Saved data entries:
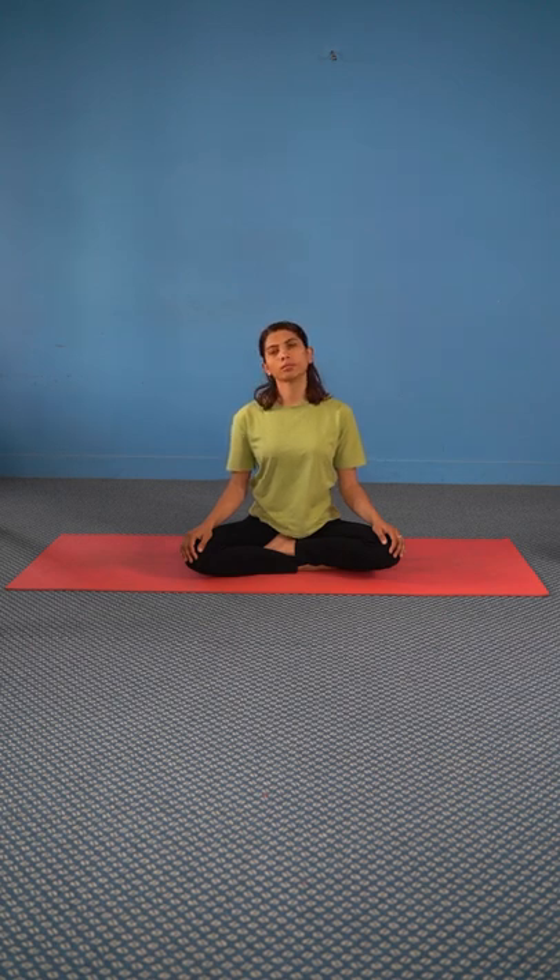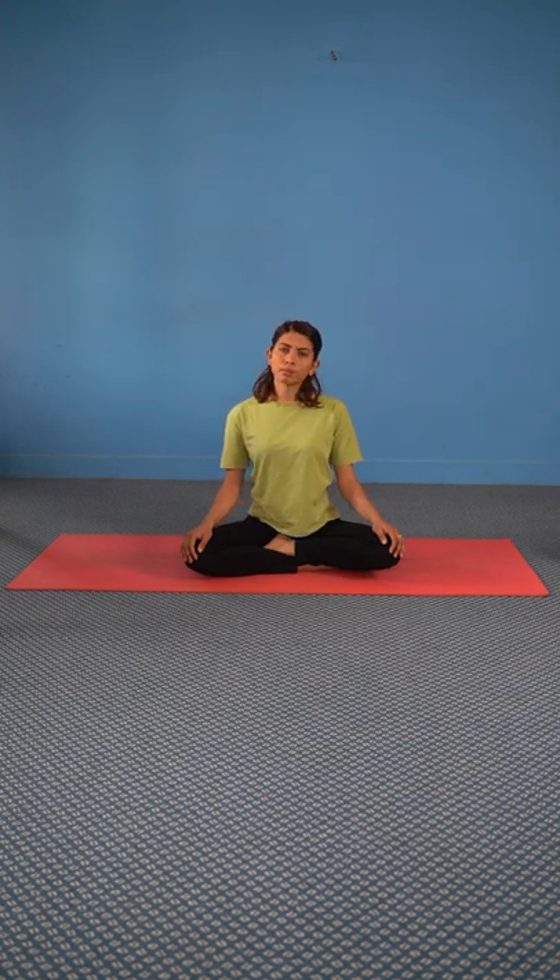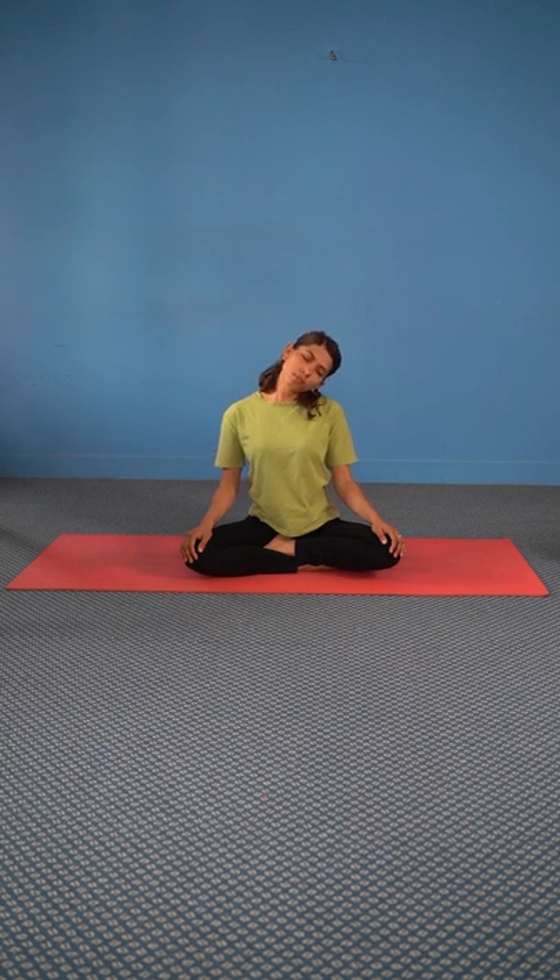Now exhale and bend your head towards the right, try to touch your shoulders with your ears. Inhale, come to the center, and exhale to the left. Repeat for 10 times.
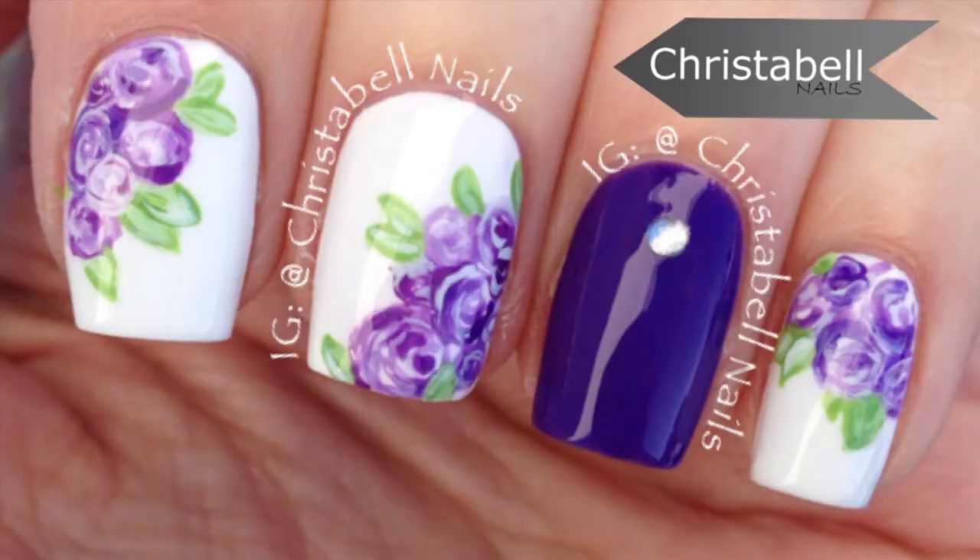And there you have it, the behind-the-scenes look. Thanks so much for watching, I hope you liked the video. Please comment, share, subscribe, and thumbs up are always appreciated.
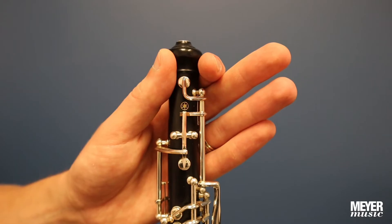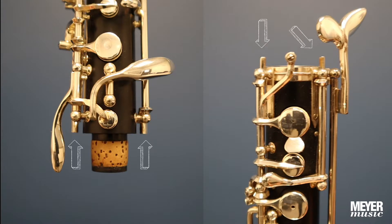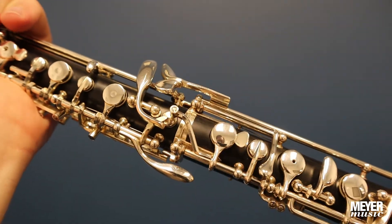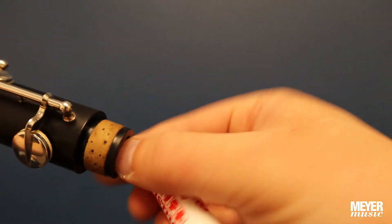To assemble, cradle the upper joint near the top and the lower joint near the bottom. Notice the bridge keys between the top and bottom joints. Insert the top tenon into the lower socket, gently twisting back and forth. If needed, a small amount of cork grease can be applied to ease assembly.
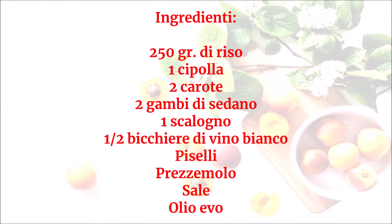Ingredienti: 250 grammi di riso, 1 cipolla, 2 carote, 2 gambi di sedano, 1 scalogno, mezzo bicchiere di vino bianco, piselli, prezzemolo, sale, olio evo.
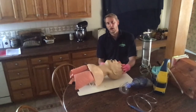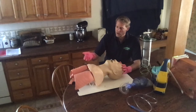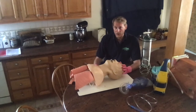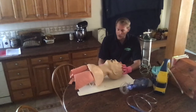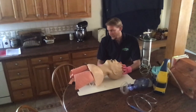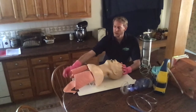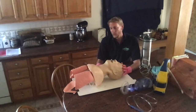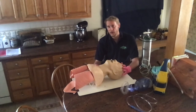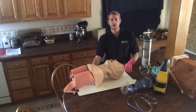I know I was administering ventilations appropriately because I saw equal and adequate rise and fall of the chest. I also had a nice tight seal around the patient's nose and mouth with no air escaping. Because it's a mannequin, I could confirm the stomach was not inflating, indicating an open, patent airway with air going into the lungs appropriately. That concludes BVM ventilation of an apneic adult patient.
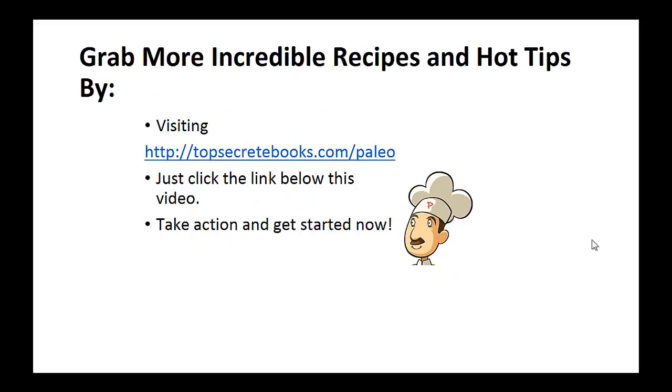And that's the recipe of the day. If you enjoyed this video, then like the video and subscribe to my channel. If you'd like to learn more about the paleo diet so you can experience improved sugar control and weight loss, then click the link below the video, take action, and go check it out.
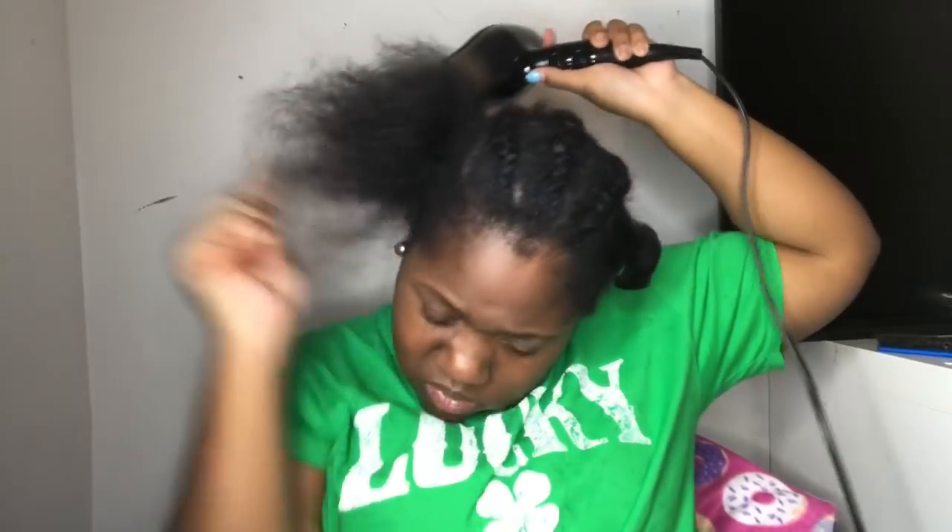Y'all, before I even get to talking — if my voice sounds like a man, I'm sorry, my voice is messed up. Anyway, as you can see, I am blow-drying my hair for the second time this year — and last year too. I wasn't planning on posting this, but I just wanted y'all to see the hair growth. My hair grew super duper so freaking much, which I'm so proud of.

Work instructions
Return the lines exactly as they stand, from the start of the entries through the line holding "And there you"; omit the pictures.

Response
Now exhale and bend your head towards the right, try to touch your shoulders with your ears. Inhale, come to the center, and exhale to the left. Repeat for 10 times.
And there you have it, the behind-the-scenes look. Thanks so much for watching, I hope you liked the video. Please comment, share, subscribe, and thumbs up are always appreciated.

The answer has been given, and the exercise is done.